Other Matters: We also had developments in the following regulatory matters in Delaware:

On September 1, 2011, the Delaware division filed with the Delaware PSC its annual Gas Service Rates (“GSR”) application, seeking approval to change its GSR, effective November 1, 2011. On September 20, 2011, the Delaware PSC authorized the Delaware division to implement the GSR charges, as filed on November 1, 2011, on a temporary basis. The Delaware PSC granted approval of the GSR charges at its regularly scheduled meeting on July 17, 2012.

On June 18, 2012, the Delaware division filed an application with the Delaware PSC requesting approval for a Town of Selbyville franchise fee rider. This rider allows the Delaware division to charge all natural gas customers within the town limits the franchise fee paid by the Delaware division to the Town of Selbyville as a condition to providing natural gas service. The Delaware PSC granted approval of this franchise fee rider on August 7, 2012.

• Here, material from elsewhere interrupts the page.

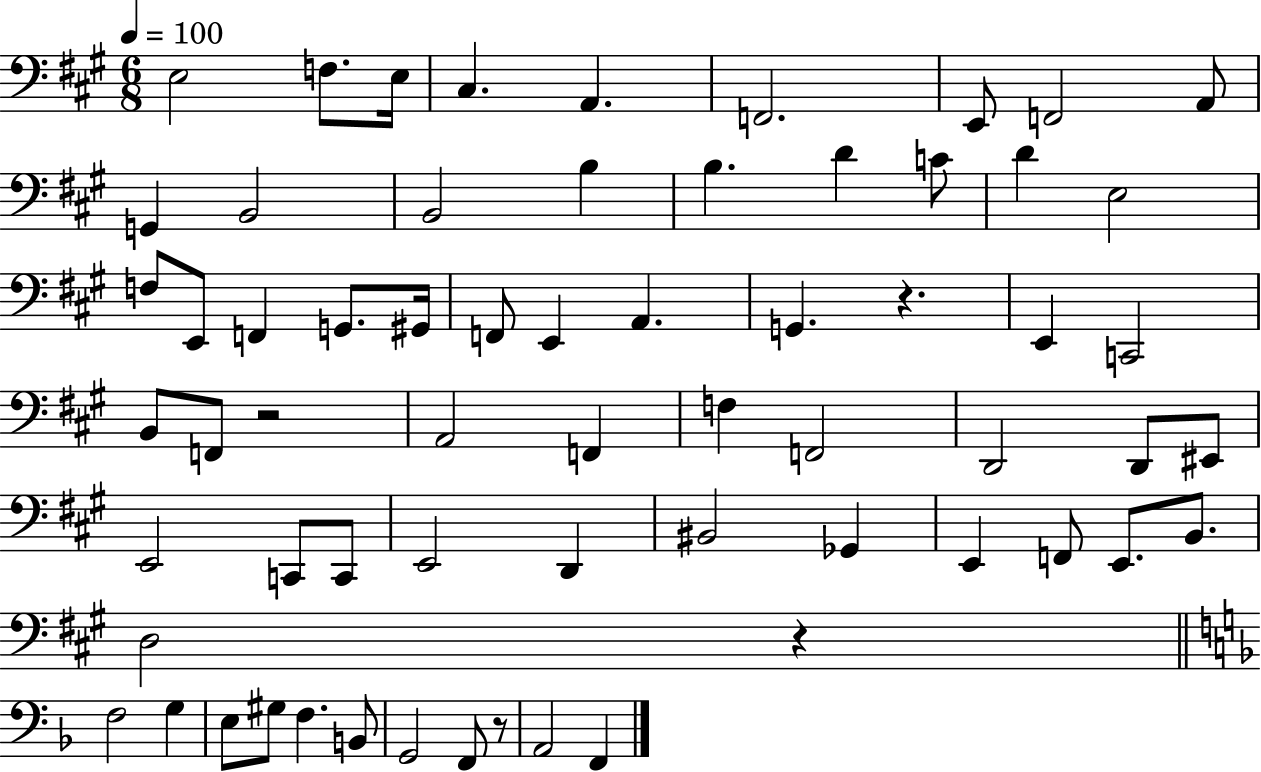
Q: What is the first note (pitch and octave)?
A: E3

On September 21, 2012, the Delaware division filed with the Delaware PSC its annual GSR application, seeking approval to change its GSR, effective November 1, 2012. On October 9, 2012, the Delaware PSC authorized the Delaware division to implement the GSR charges, as filed, effective November 1, 2012, on a temporary basis and subject to refund, pending the completion of a full evidentiary hearing and a final decision.

Maryland

ESG Acquisition: On September 7, 2012, we filed an application with the Maryland PSC for approval of the purchase of the ESG operating assets and the transfer of the ESG franchises to Chesapeake (see Note 4, “Acquisitions,” for additional information on the ESG asset purchase). In this application, we also requested the Maryland PSC to approve the overall regulatory framework we proposed for our operation in Worcester County. The proposed regulatory framework includes: (i) a request for approval of a new gas service tariff and rates applicable to natural gas and propane distribution customers in Worcester County, including the customers currently being served by ESG; (ii) a request for approval of the capacity, supply and operating agreement with ESG for the supply and storage of propane, which will be utilized to serve the ESG system customers; and (iii) a request for approval of the accounting treatment for certain of the purchased assets. Evidentiary hearings are scheduled for the week of March 11, 2013. We anticipate that the Maryland PSC will render a final decision on our application in 2013.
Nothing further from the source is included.